* TASK STATEMENT:
Without including any pictures, give back all of the data exactly.
BEGIN RECORDS SUPPLIED
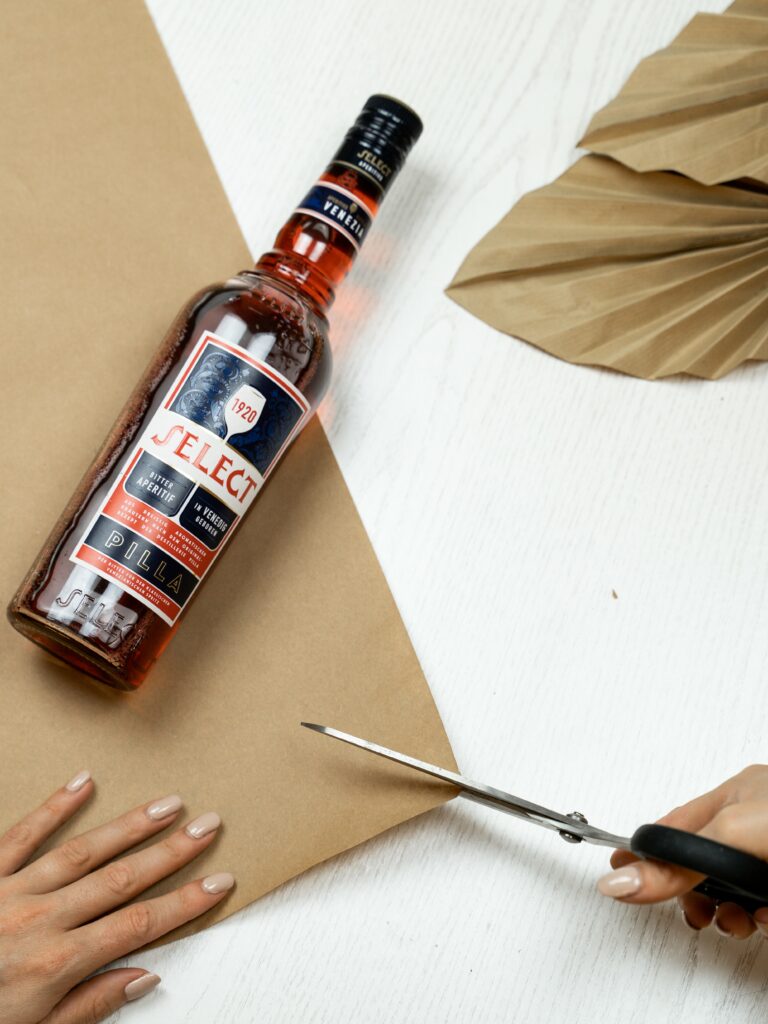flasche-verpacken-papier-schneiden
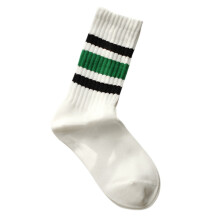 Japanske sporty retro stribede midt på læggen sokker til kvinder og mænd. Casual atletiske crew sokker med tykt foret design til hverdagsbrug.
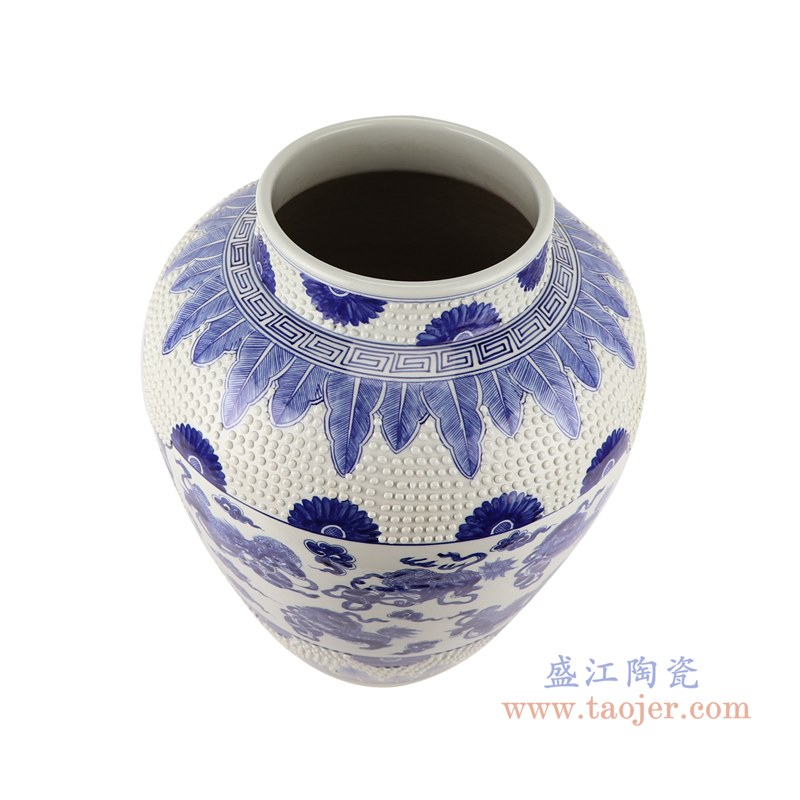 青花开窗狮子绣球纹雕刻白圆点罐子花瓶;产品编号：RZKM06-C       产品尺寸(单位cm):  高：43.8直径：36口径：底径：20.2重量：11.7KG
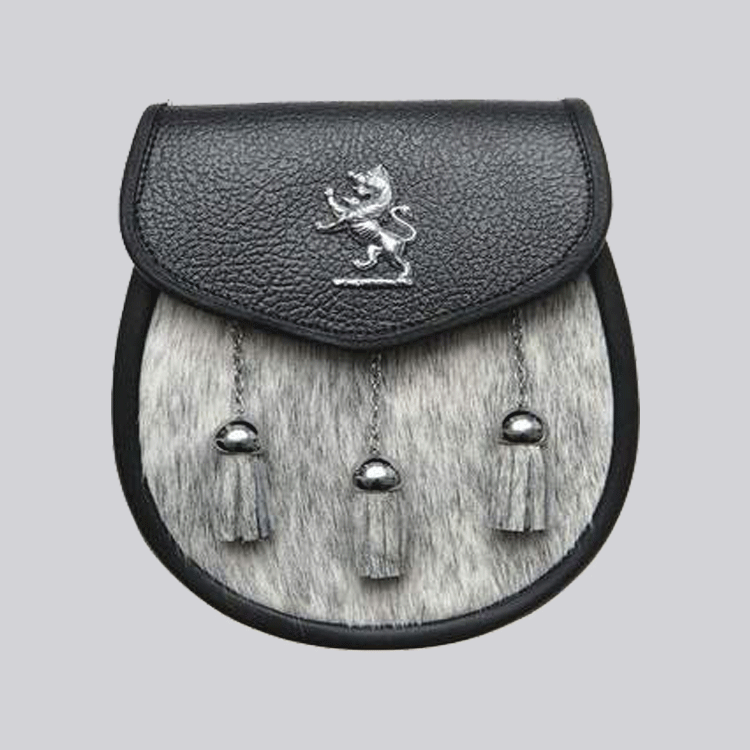 calfskin lion emblem semi dress natural sporran.gif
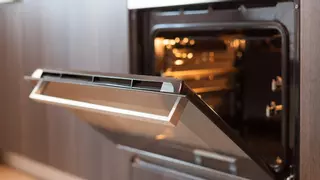 El truco para quitar toda la grasa de la bandeja del horno y dejarla brillante en tan solo cinco minutos
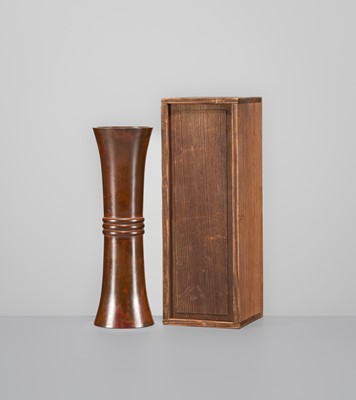 Lot 62 - A FINE GU-FORM BRONZE FLOWER VASE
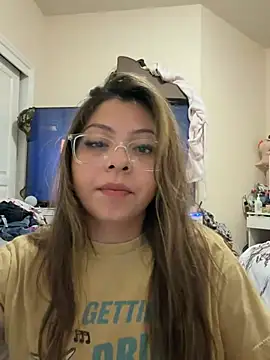 bunnygorl12 online show from 05/27/26, 04:53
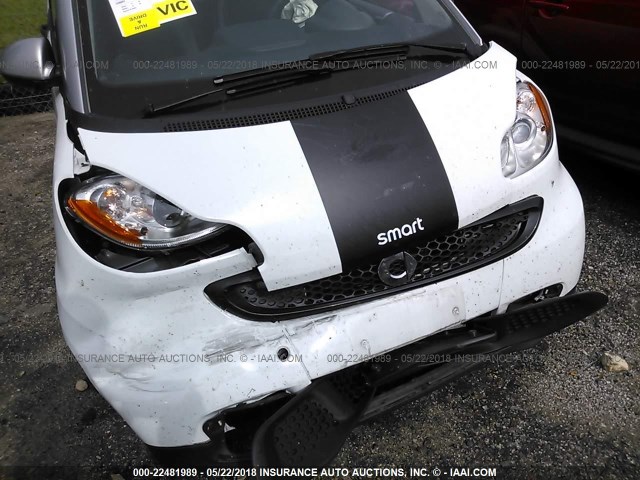 WMEEJ3BA9FK797809 - 2015 SMART FORTWO PURE/PASSION WHITE photo 6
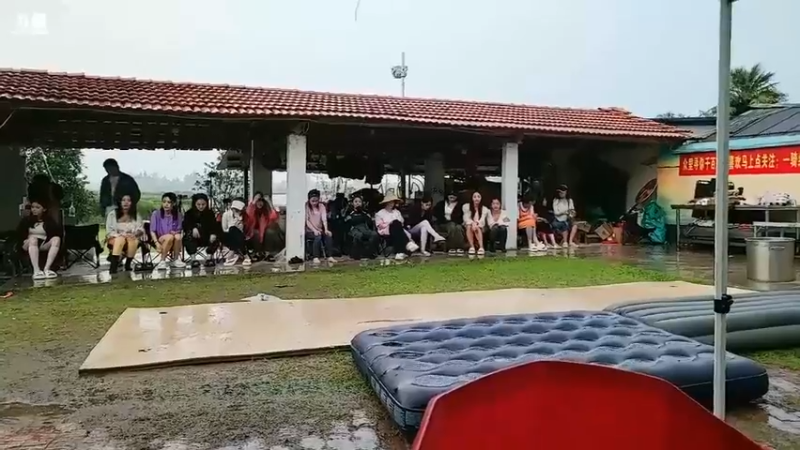 知识竞赛答题，女主播还是很踊跃的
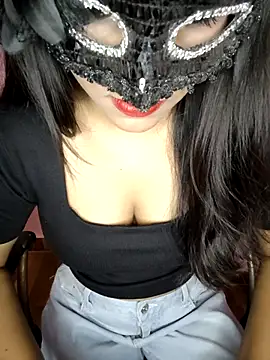 Razoee online show from 05/18/26, 09:14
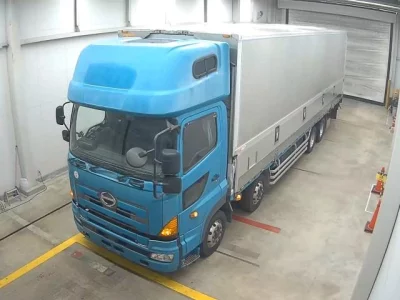 Hino TRUCK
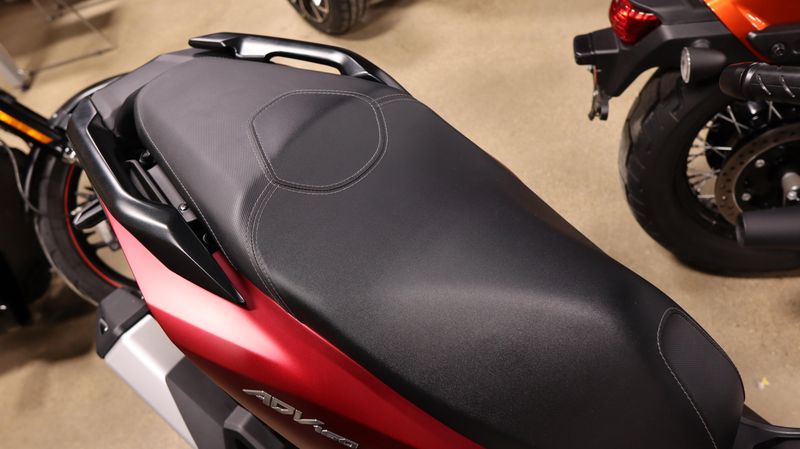 2024 Honda ADV 160 Image 10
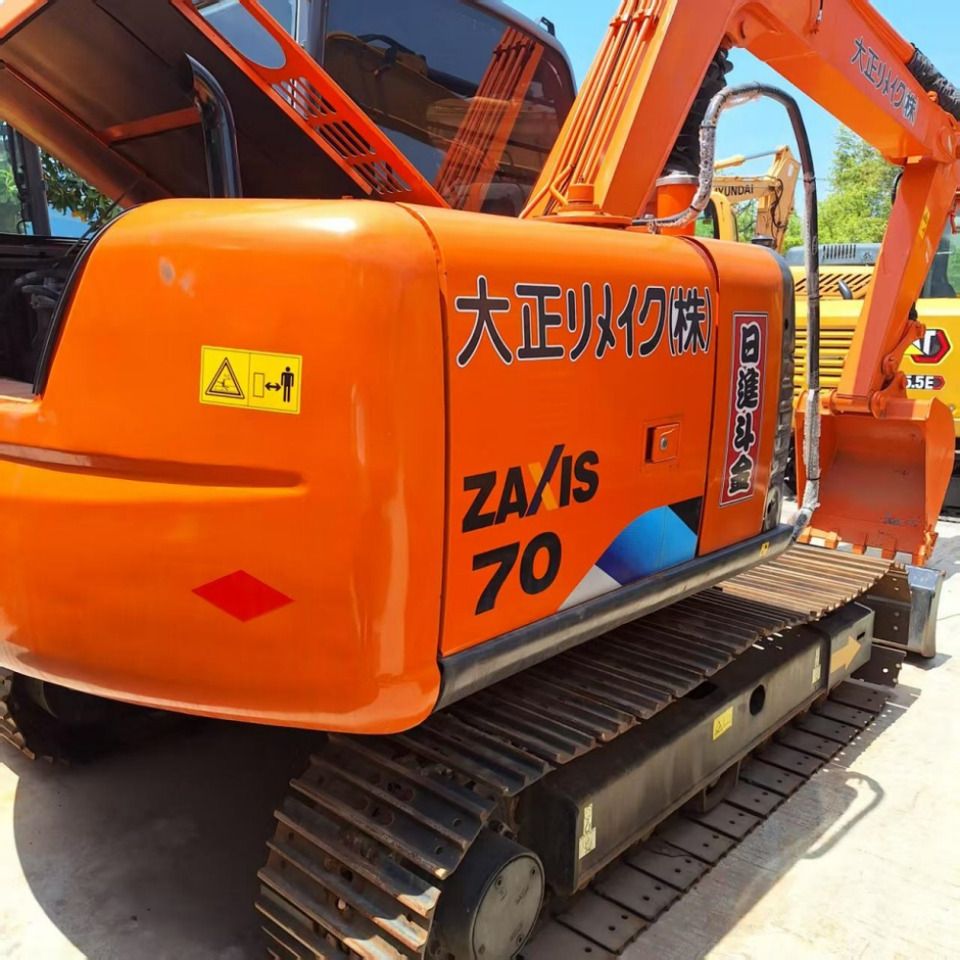 Hitachi ZX70 Excavator - Ekskavator perayap: gambar 3 Hitachi ZX70 Excavator - Ekskavator perayap: gambar 3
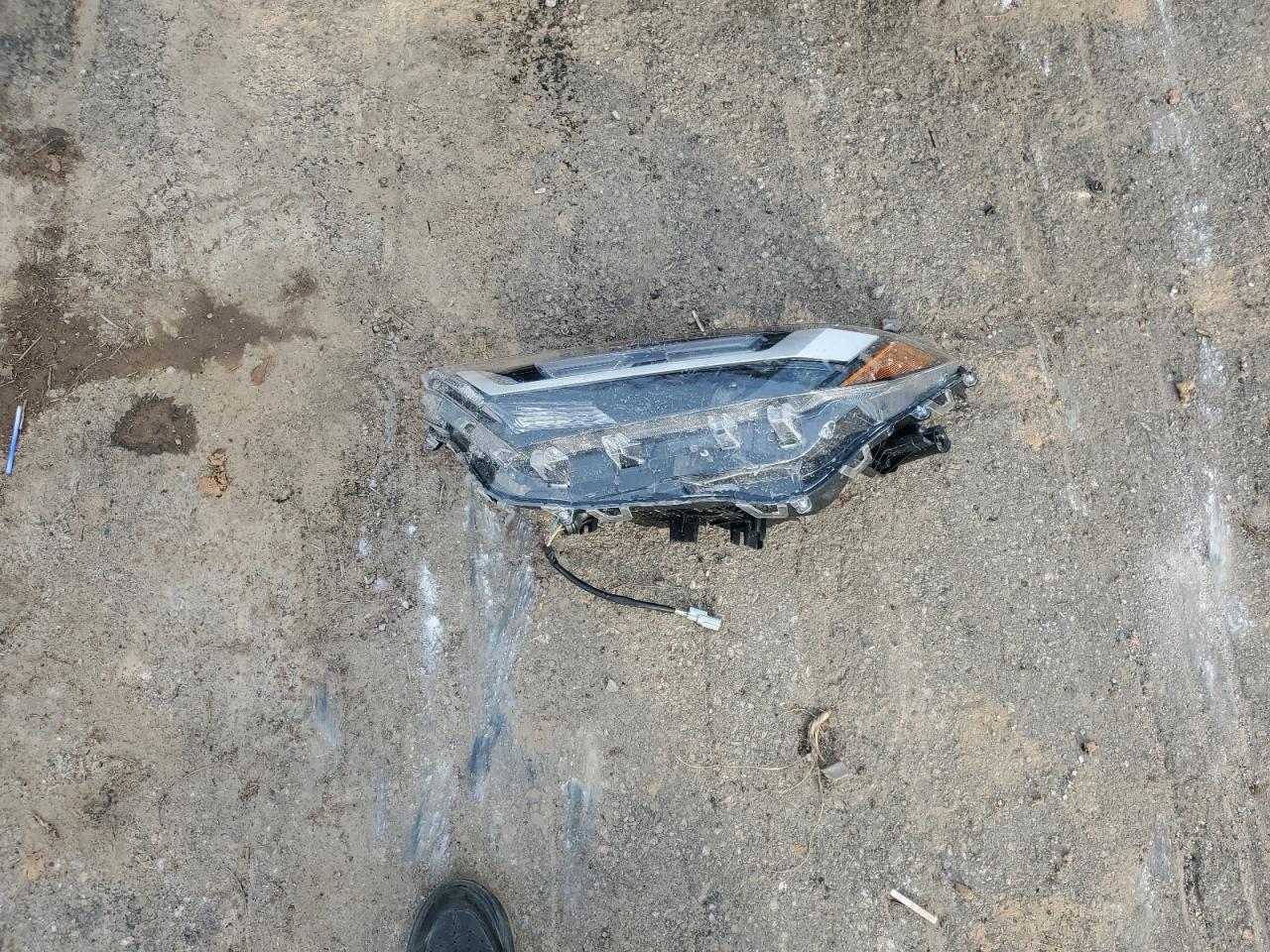 2022 TOYOTA RAV4 XLE VIN:JTMRWRFV3ND154537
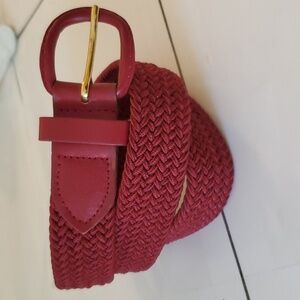 New with tags unisex stretch braided belt size small in burgundy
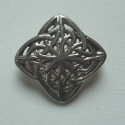 Broche en argent aux motifs de style tribal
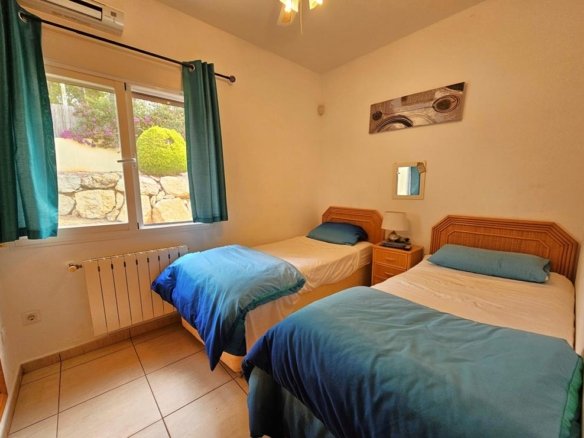 3 Bedroom 2 Bathroom Villa in javea - Caza De Casa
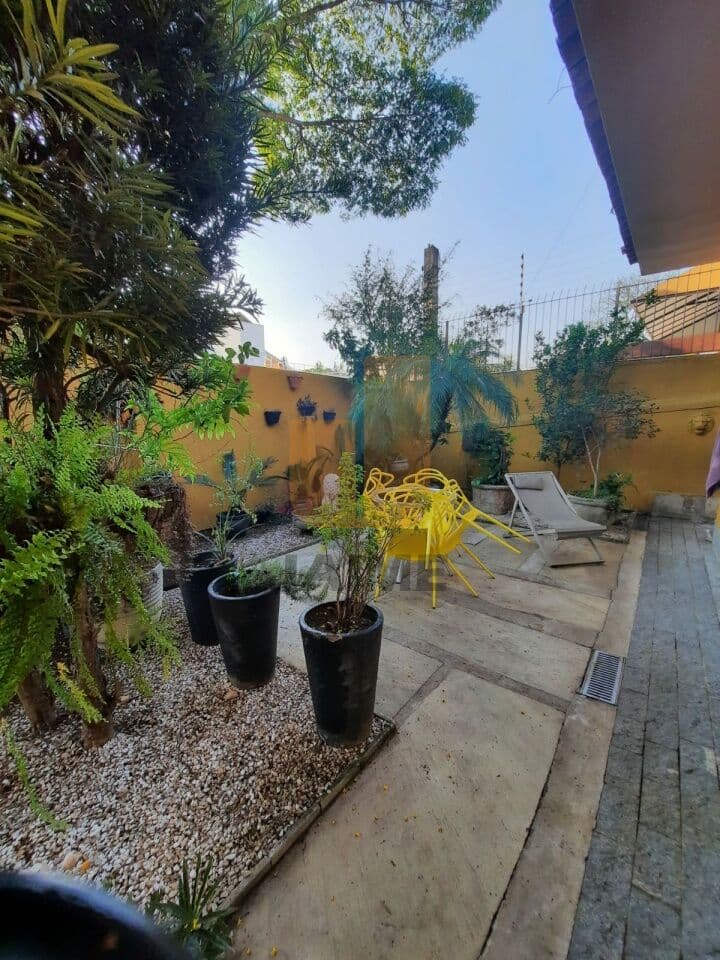 Casa de 3 dormitórios na R Cássio Martins Vilaça — Pacaembu, São Paulo - foto 2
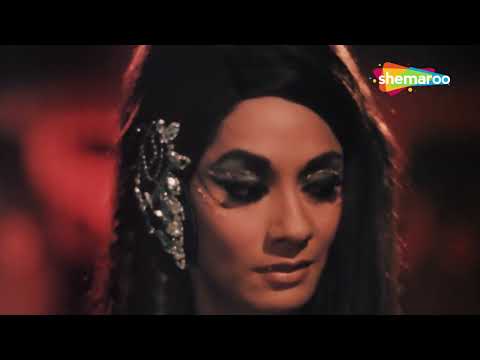 Tu Auron Ki Kyun Ho Gayee | Ek Bar Mooskura Do (1972) | Tanuja | Joy Mukherjee | Deb Mukherjee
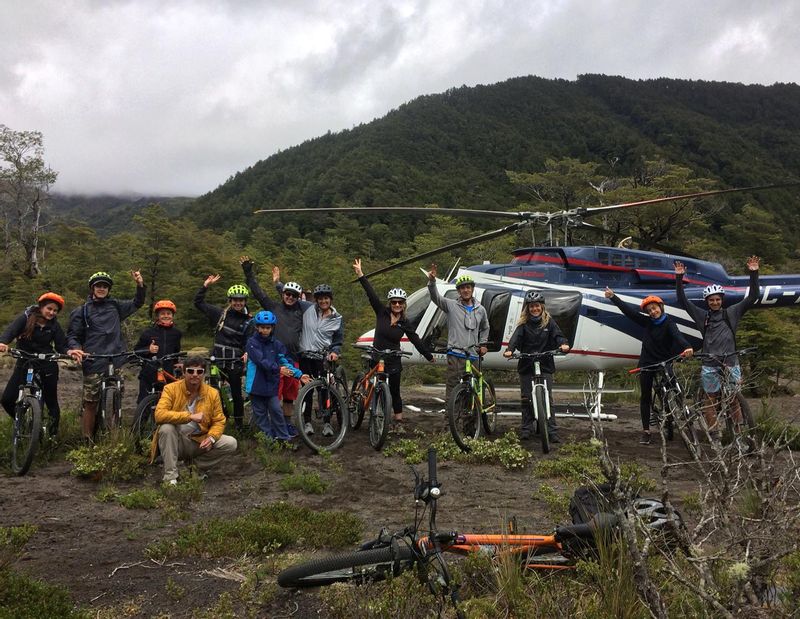 Los Lagos Private Tour - HELIBIKE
END RECORDS SUPPLIED
* RESULT FOR THIS TASK:
flasche-verpacken-papier-schneiden
 Japanske sporty retro stribede midt på læggen sokker til kvinder og mænd. Casual atletiske crew sokker med tykt foret design til hverdagsbrug.
 青花开窗狮子绣球纹雕刻白圆点罐子花瓶;产品编号：RZKM06-C       产品尺寸(单位cm):  高：43.8直径：36口径：底径：20.2重量：11.7KG
 calfskin lion emblem semi dress natural sporran.gif
 El truco para quitar toda la grasa de la bandeja del horno y dejarla brillante en tan solo cinco minutos
 Lot 62 - A FINE GU-FORM BRONZE FLOWER VASE
 bunnygorl12 online show from 05/27/26, 04:53
 WMEEJ3BA9FK797809 - 2015 SMART FORTWO PURE/PASSION WHITE photo 6
 知识竞赛答题，女主播还是很踊跃的
 Razoee online show from 05/18/26, 09:14
 Hino TRUCK
 2024 Honda ADV 160 Image 10
 Hitachi ZX70 Excavator - Ekskavator perayap: gambar 3 Hitachi ZX70 Excavator - Ekskavator perayap: gambar 3
 2022 TOYOTA RAV4 XLE VIN:JTMRWRFV3ND154537
 New with tags unisex stretch braided belt size small in burgundy
 Broche en argent aux motifs de style tribal
 3 Bedroom 2 Bathroom Villa in javea - Caza De Casa
 Casa de 3 dormitórios na R Cássio Martins Vilaça — Pacaembu, São Paulo - foto 2
 Tu Auron Ki Kyun Ho Gayee | Ek Bar Mooskura Do (1972) | Tanuja | Joy Mukherjee | Deb Mukherjee
 Los Lagos Private Tour - HELIBIKE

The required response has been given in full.